Records follow. Print exactly the lines from the one that has "Berat Kandili'nde dualar" through the one that has "RETURNED 10/12/24 Two", inclusive, and omit the pictures.

## [Records for the task]
++++++
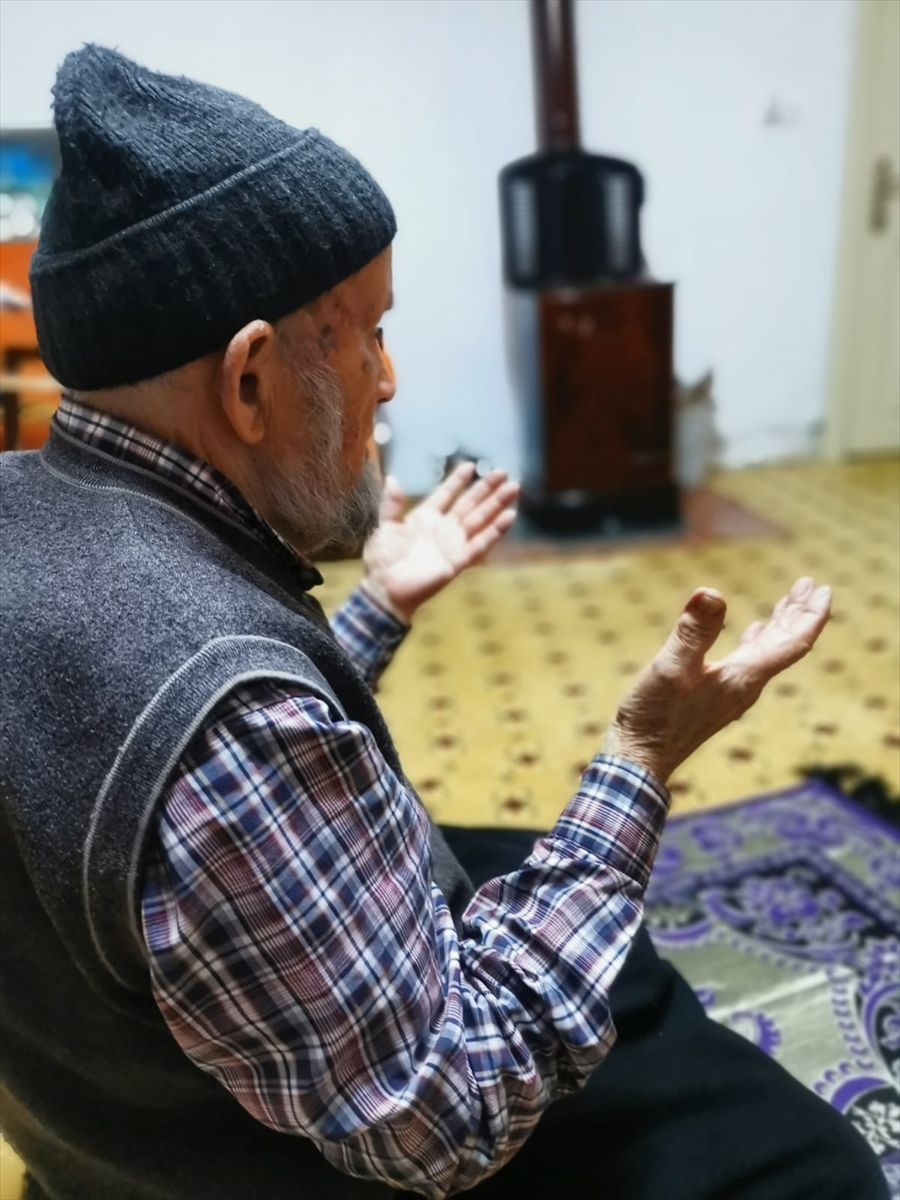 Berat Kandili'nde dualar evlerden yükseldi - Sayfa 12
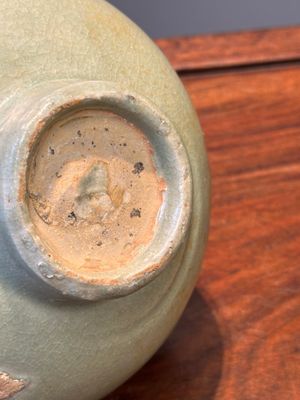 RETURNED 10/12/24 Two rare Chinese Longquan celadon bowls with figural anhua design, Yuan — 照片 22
++++++
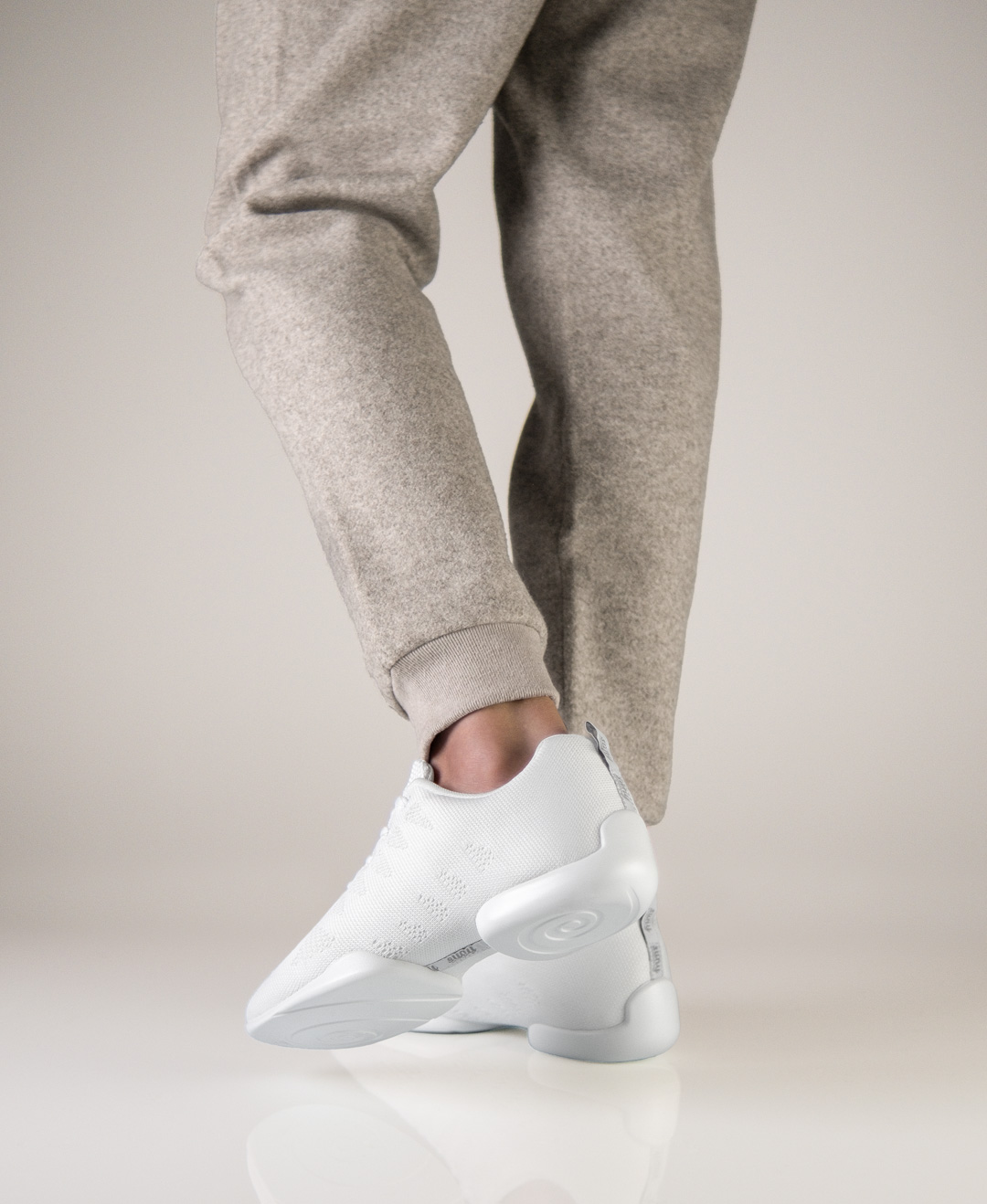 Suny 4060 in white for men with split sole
++++++
## [Worked solution]
 Berat Kandili'nde dualar evlerden yükseldi - Sayfa 12
 RETURNED 10/12/24 Two rare Chinese Longquan celadon bowls with figural anhua design, Yuan — 照片 22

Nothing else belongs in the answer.